Last month, Red Hat Software released Red Hat Enterprise Linux 5, the latest in its enterprise-caliber Linux, and which now includes Xen virtualization. In contrast, Novell's SUSE Linux Enterprise 10, which came to market with Xen virtualization last summer, is billed as "the only enterprise-grade Linux platform offering a complete solution for your mission-critical needs."

While both are today's Linux enterprise stars, other distributions are rising. Ubuntu, for instance, has been a desktop success story. And now, it's taking on the enterprise. The French parliament will install Ubuntu on more than 1,000 desktops this summer. Ubuntu also has partnered with Sun to win support and placement on some of the latter's new Niagara servers, while building on the distribution's stellar desktop reputation.

"Frankly, we haven't really seen anything like that in Linux—and it's been the solid leader for at least two years running now, so it's not a fad," says Lyman. "I think normally when you talk to analysts and industry observers, they'll say it's going to be hard to impossible for anybody to gain on Red Hat and Novell, but a partnership with Sun Microsystems and the attraction that Ubuntu has had shouldn't be underestimated."

And there are others.

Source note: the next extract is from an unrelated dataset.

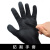 盛世浩瀚加厚5级钢丝防割手套多用途防身手套加强型均码黑白色 黑色 3双装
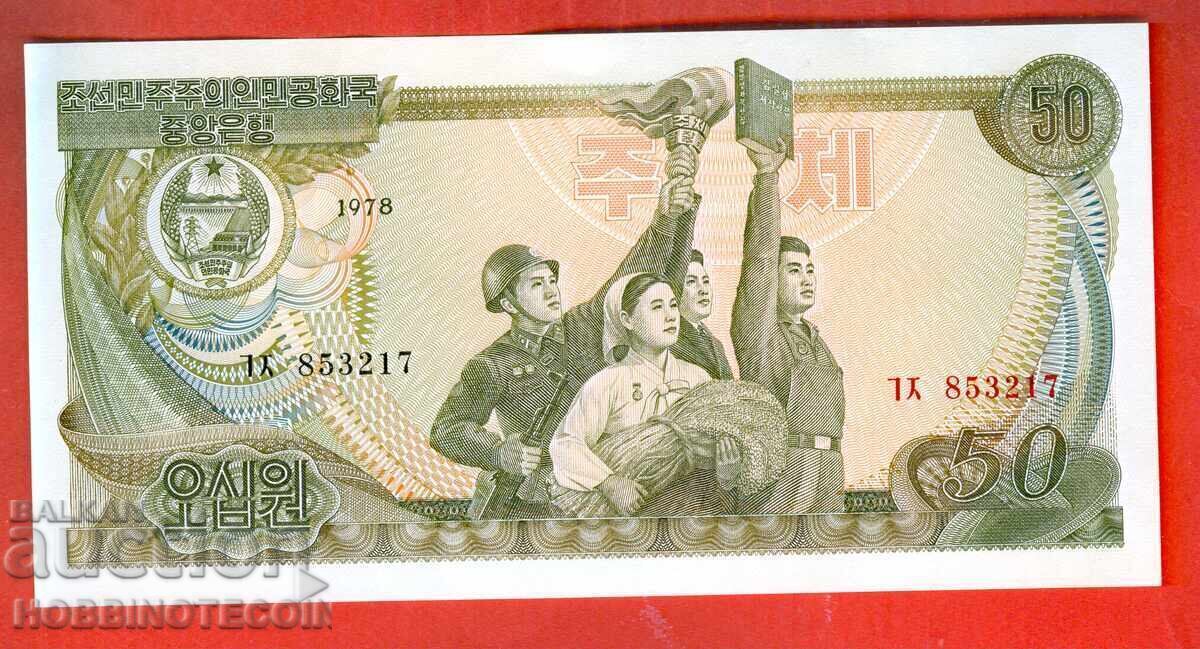 KOREA 50 Won issue 1978 RED BLACK No. NEW UNC KOREA 50 Won issue 1978 RED BLACK No. NEW UNC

Oracle's Unbreakable Linux is essentially Red Hat, but with Oracle providing the upgrades and support. Some companies have built distributions on their own Linux desktop technologies and are now vying for the enterprise. Mandriva released Corporate Desktop 4.0 last month and has a number of active partnerships, while Xandros provides a Windows-like environment, which is a big selling point: "Your Windows admins won't be completely thrown off by Xandros," says Lyman, who also sees an opportunity for some of these other distributions in just the right niches. According to Lyman, Debian, for example, has a place in enterprise data centers. (The city of Munich started its 14,000 PC migration to Debian last year.)